Bankers to the APA bid for Qantas should be very nervous after loosening the purse strings to try and help the Macquarie Bank-led bid team restart its stalled offer. That’s if you can believe comments made by the public face of APA, chairman Bob Mansfield, about the myriad threats to Qantas profitability.

APA summarised the situation as follows:

APA expects that the competitive threats described below will have a negative impact on Qantas’ outlook and would be likely to have a negative impact on Qantas’ share price in the absence of APA’s offer.

And in comments in this good yarn in The SMH Mansfield was quoted along the same lines:

In a final push to get the deal over the line, the spokesman for the consortium, Bob Mansfield, highlighted to Qantas’s remaining shareholders the competitive threats the airline faced from Middle Eastern airlines and the pending entry of the Singapore Airlines-backed Tiger Airways into the domestic market.

The threats were considered theoretical at the time the [consortium’s] offer was announced [in December]. They are now very real,” Mr Mansfield said.

He failed to mention that Qantas has had three profit upgrades since speculation of the bid first surfaced, and that Qantas aircraft are the fullest they have been since the airline was sold by the Keating government in the mid-1990s. Qantas is still on course to post a record full-year profit, despite the recent rise in oil prices, thanks to record passenger demand and cost cuts.

So how will a takeover and acceptance of the $5.45 bid improve the prospects of Qantas being able to resist these threats? The takeover won’t make the threats go away and Qantas has faced up to these and prospered before. Doesn’t Mansfield and his fellow APA directors remember September 11, SARS, the collapse of Ansett or the arrival of Virgin Blue? Qantas’ profits are substantially higher and heading higher.

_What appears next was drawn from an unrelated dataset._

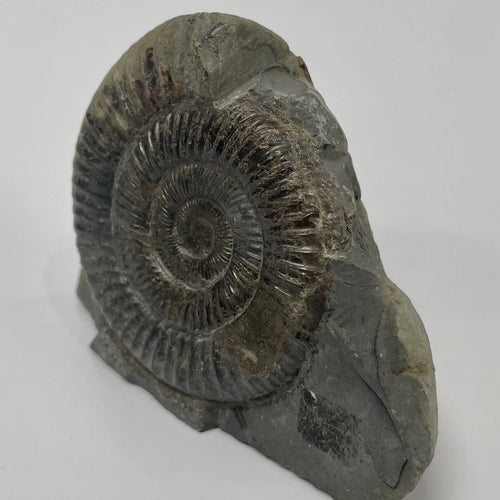 Dactylioceras Ammonite Fossil - 170 Million Years Old - Whitby Yorkshire - 7cm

But if these are threats to Qantas, why did the banks loosen their lending restrictions and switch from a charge over the assets of Qantas to a loan over the shares to be bought in the offer? More fees, a higher rate of interest and a rapid repayment program as $4.5 billion is returned to shareholders, probably explains it.

Faced with the prospects of a capital return, why should any hold-out shareholder accept? Stay in and get some more of their money back through the gearing up of the Qantas balance sheet.